Media Mix, Nov. 24, 2013

51QEJpcg8EL._SS400_Here’s this week’s Media Mix about the bestseller “Genpatsu Whiteout,” whose pseudonymous author has been the object of much speculation since, as he admits in the Tokyo Shimbun interview cited, he is a career bureaucrat. As a sidelight to the interview, the newspaper sought comments from other public figures who tend to get under the skin of the authorities. Lawmaker Taro Kono, the most prominent anti-nuke politician in the Liberal Democratic Party, said that he “hears” METI is “looking for the author” because what he wrote is way too close to the truth, and essentially “makes a bad situation even worse” for the ministry. Using his own experience as an illustration of what Wakasugi wrote about, Kono told Tokyo Shimbun, “I understand that power companies said to MPs who support nuclear energy, ‘If you shut Kono’s mouth we’ll buy tickets to your fund-raising parties.'” Shigeaki Koga, a former high-level official in METI who wrote his own book exposing the underside of the bureaucracy, confirmed Wakasugi’s description of officials spiking bills with terms like the ubiquitous sonota (“and others”) so that the authorities can interpret the law at their own discretion. “That’s part of bureaucratic DNA,” he said. “They always make sure there are loopholes in regulations and operations so they can do whatever they want based on circumstances.” And as for Wakasugi’s “monster system” of high-level collusion between government and industry, Koga says that Tepco is well-known for its lavish “entertainment” spending on politicians and bureaucrats that somehow is passed off as being legal. “Bureaucrats on a career track, like Wakasugi, only think about being promoted, so they can’t speak out.” He called Wakasugi “courageous,” adding that he has to keep his identity a secret “so that he can continue collecting information” and, presumably, leaking it to the public. Wakasugi himself says that if the confidentiality bill is passed, and it seems certain it will, bureaucrats may become more tight-lipped, which means it will be more difficult for him to overhear what is really going on. “I won’t be able to write another novel like this,” he says. That is obviously the purpose of the law.

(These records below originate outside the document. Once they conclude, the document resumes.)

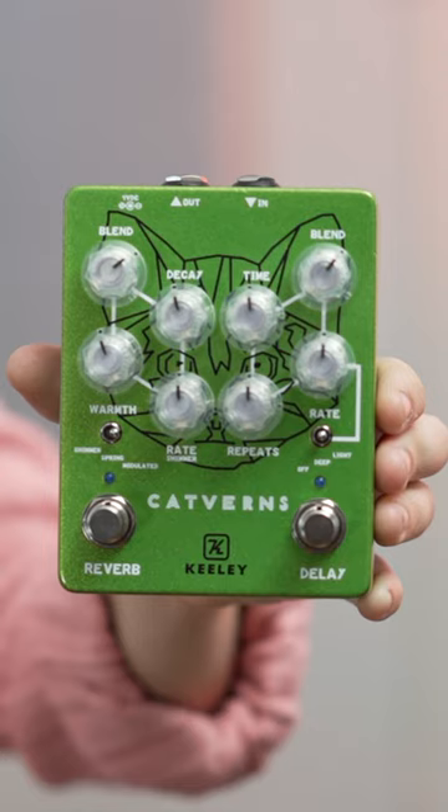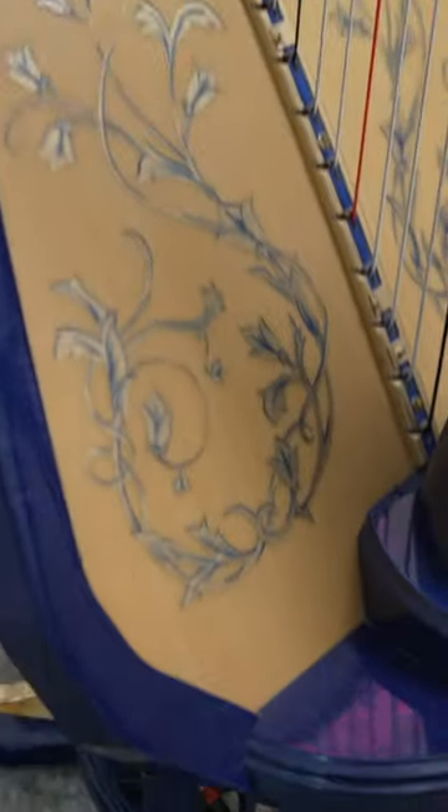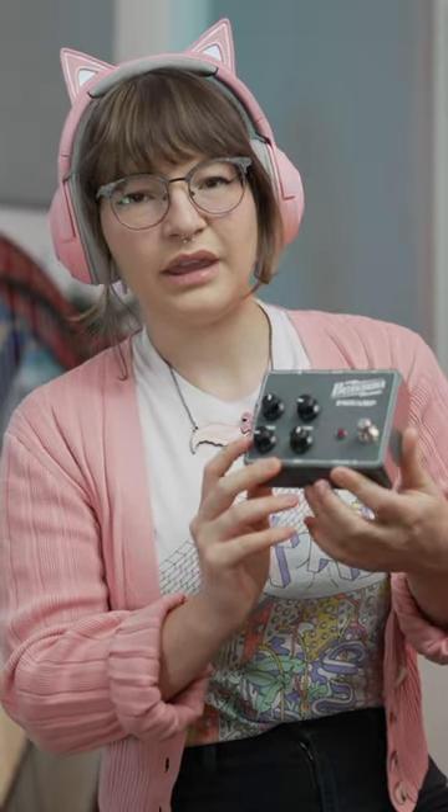This pedal is the Cat's Meow. It's the Keeley Catverns from Bee's Music Shop, and today I'm gonna try it on my harp. My harp also has a pickup for the bass strings, so for that, I'm gonna be using the Benson preamp. But I kinda wish it was pink.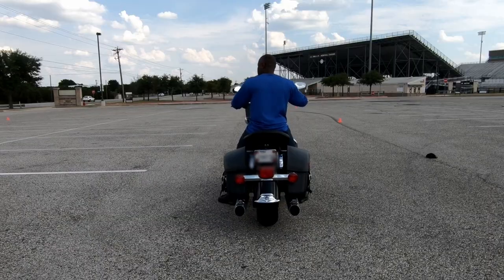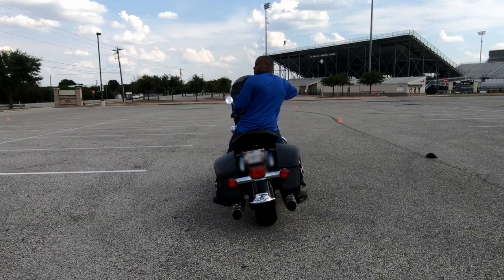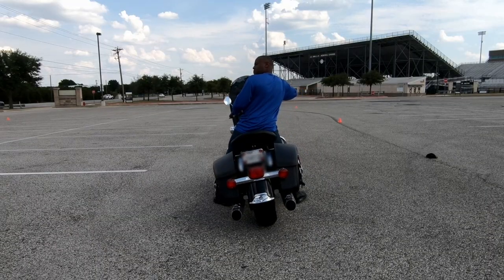Mistake number five is leaning with the motorcycle. When doing this exercise, you want to use a counterweighting technique. Counterweighting is when you keep your body upright and allow the motorcycle to lean underneath you. You can have a little bit of hip movement to the high side of the motorcycle, but you don't need a lot. By keeping your eyes level with the horizon, it takes away a lot of the sensation of falling, which is huge.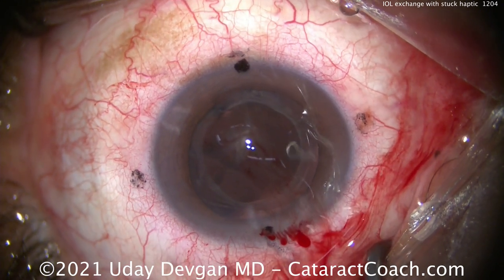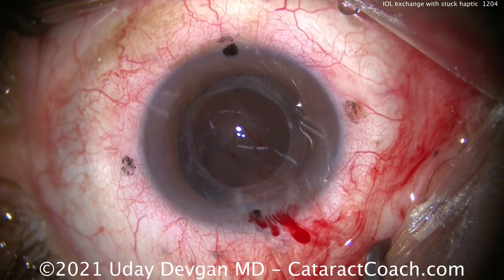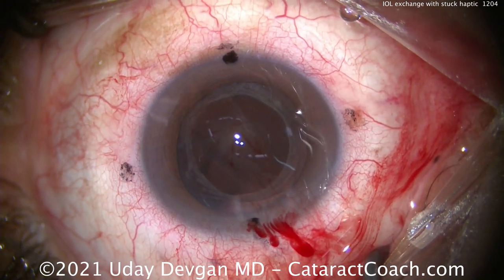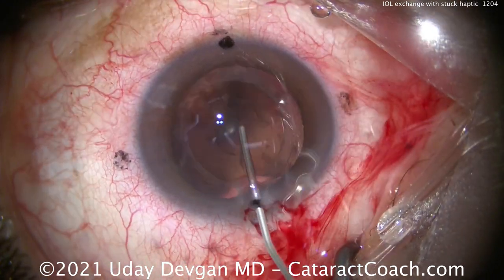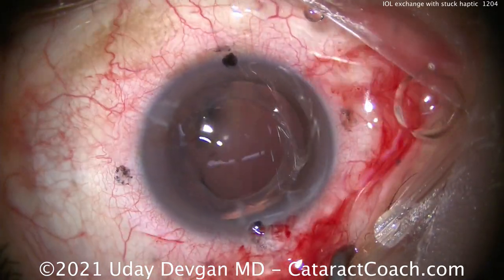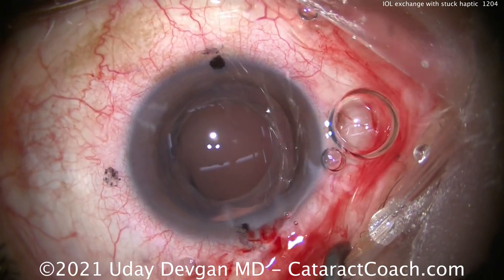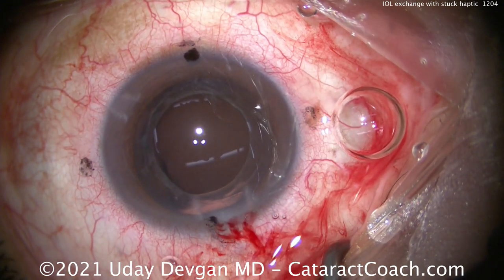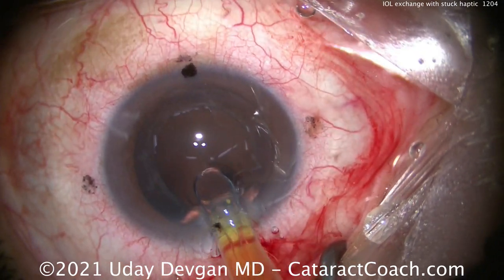Let's implant our new lens. This patient wants a monofocal lens — this patient desires the best image quality. I've not seen any kind of light-splitting technology, any kind of trifocal, bifocal, or similar lens that gives better image quality than a monofocal lens. So if you value the highest image quality at the focal point — far distance or plano — you definitely want the monofocal.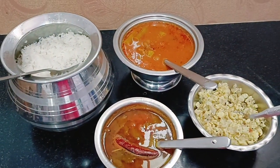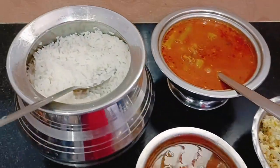Welcome to Sudha Saran Recipe. Today we'll show you the lunch.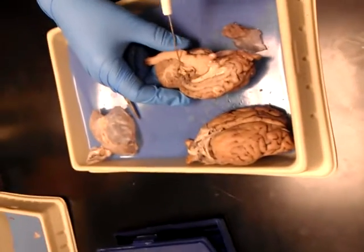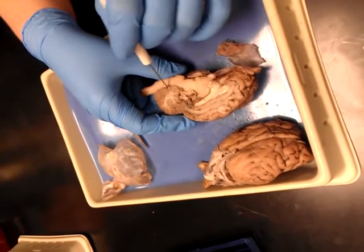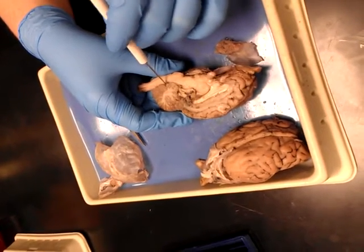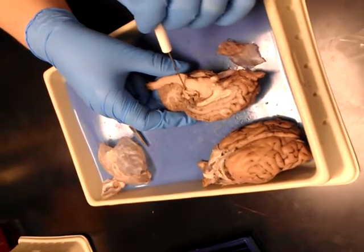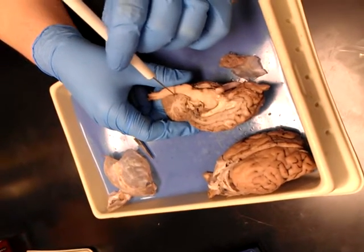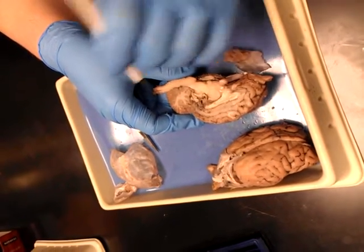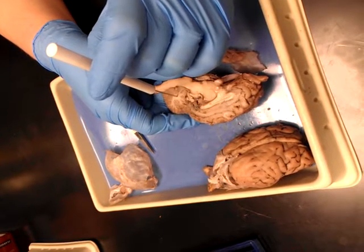Then you come down — the cerebral aqueduct comes down to your fourth ventricle, which I think of as like watering the tree, because this is where cerebrospinal fluid is going. Right here at the base of the tree, this is your fourth ventricle. They put it in the tree, they want arborvitae.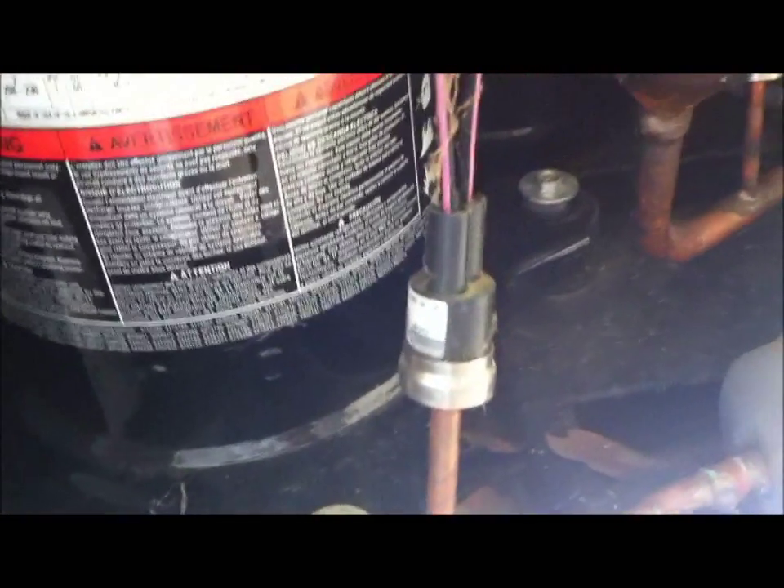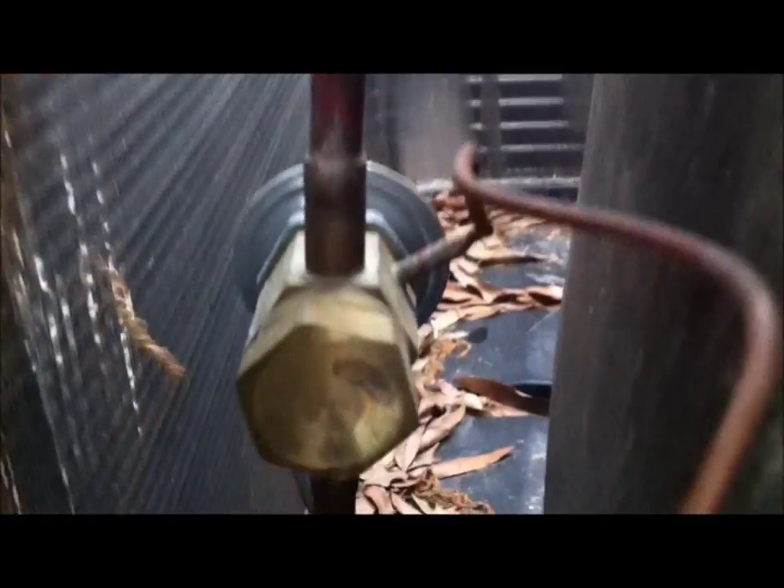There's the reversing valve, the dryer, the pressure switch, and the expansion valve.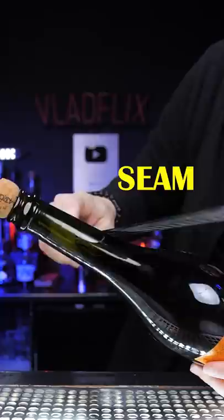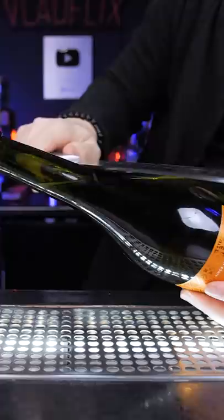Put the blade flat against the glass and use its back, not the sharp part. Drag it along, making a smooth rapid movement and hit the lip of the bottle.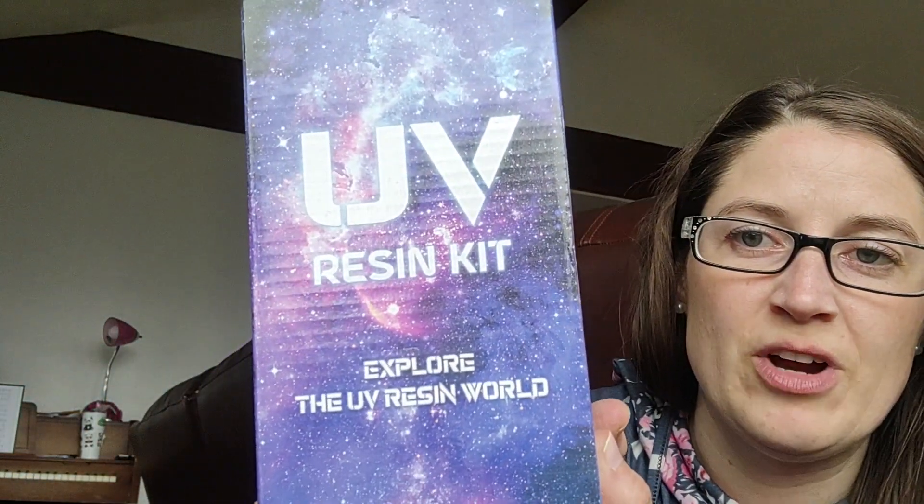Now on to Amazon. I got two bags and a box. I brought scissors today so I can open my packages. So this is just some UV resin — a bigger thing of it.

The situation is slightly different for another insider-author who recently published a book about nuclear power under a pseudonym. @happy11311 is the Twitter handle of an engineer who has been working at the crippled Fukushima power plant. He constantly tweets about the reality of the cleanup, and has attracted more than 88,000 followers. At the end of October he published his own book under the name Happy. In an interview with the Asahi Shimbun, the author reveals he’s been an engineer for 20 years, and was at the Kashiwazaki Kariya plant in Niigata when it was hit by a massive earthquake in 2007. He claims news reports on the Fukushima crisis have been “mainly speculative and inaccurate,” so he felt it was his duty to “report the truth.” His primary concern is the use of inexperienced workers. Since experienced workers cannot remain in the plant for any length of time due to over-exposure, they have to instruct inexperienced workers to carry out operations remotely, and that leads to potentially dangerous mistakes. He is discouraged that the government has always tried to convince the media that the situation is stable, when it continually remains precarious at best. The media reports these pronouncements without really questioning them, a revelation that is hardly surprising but nevertheless gives rise to the notion that while the confidentiality bill suppresses the public’s right to know it may not actually change matters from a practical standpoint. As it is, the mass media doesn’t do a lot of proactive reporting toexpose official malfeasance and cynicism. As Wakasugi points out, the law’s most harmful effect would be stopping potential whistleblowers like himself and, to a lesser extent, Happy (who is an employee of a private company, not the government), and without whistleblowers the media has no sources with which to uncover these problems. But whistleblowers aren’t the only means available to investigative reporters. They just make their jobs easier.